*What is expected*.
Everything in the listing should be transcribed exactly, apart from the pictures.

*Given information*.

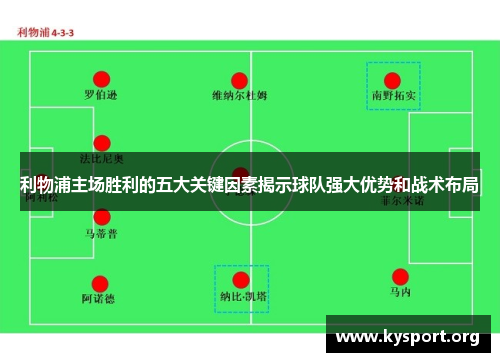 利物浦主场胜利的五大关键因素揭示球队强大优势和战术布局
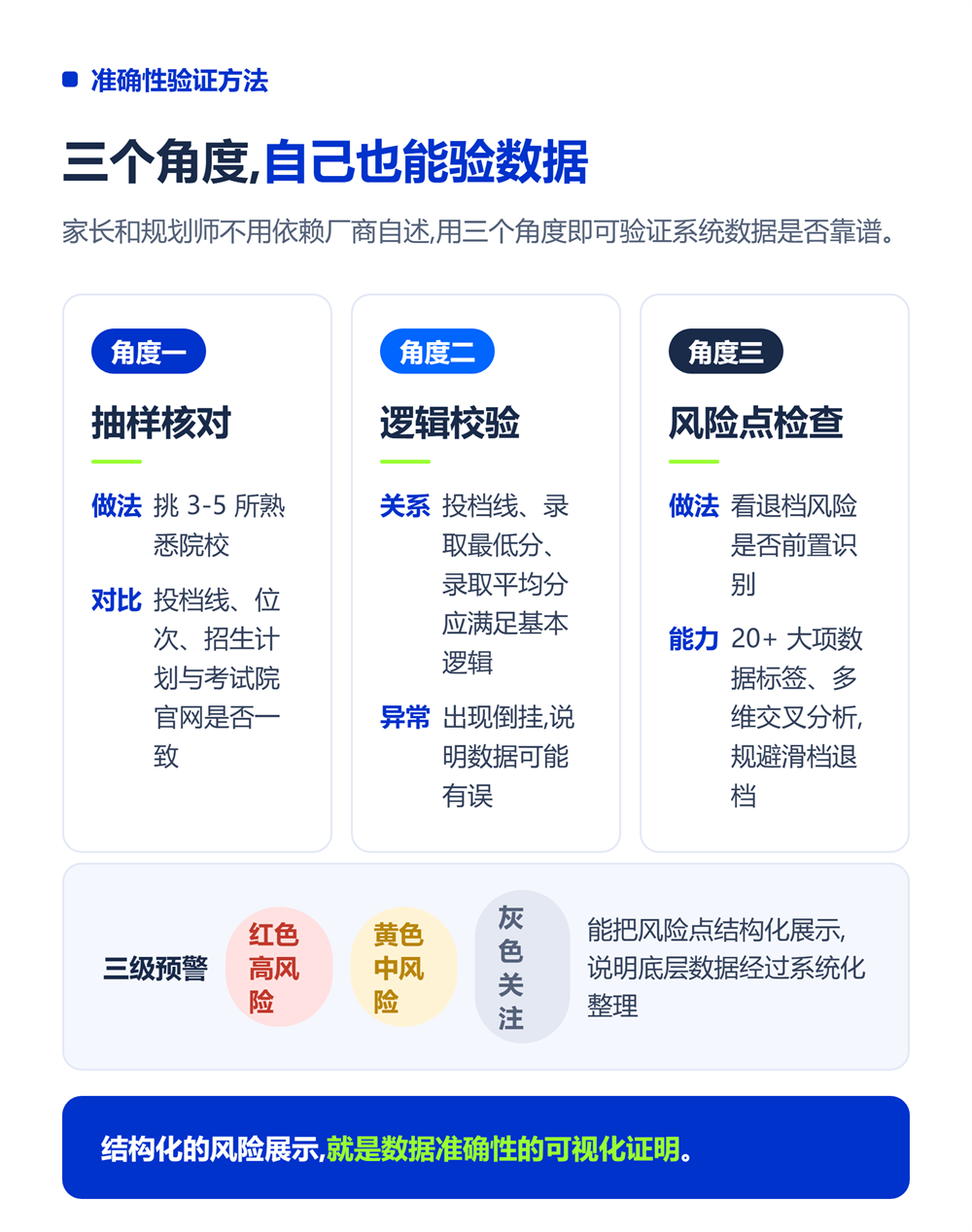 高考志愿填报系统数据准确吗？数据来源与更新机制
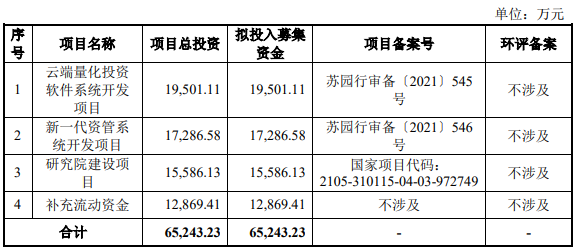 下载文华财经（下载文华财经手机软件）-第4张图片-币安app下载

*Written response*.
 利物浦主场胜利的五大关键因素揭示球队强大优势和战术布局
 高考志愿填报系统数据准确吗？数据来源与更新机制
 下载文华财经（下载文华财经手机软件）-第4张图片-币安app下载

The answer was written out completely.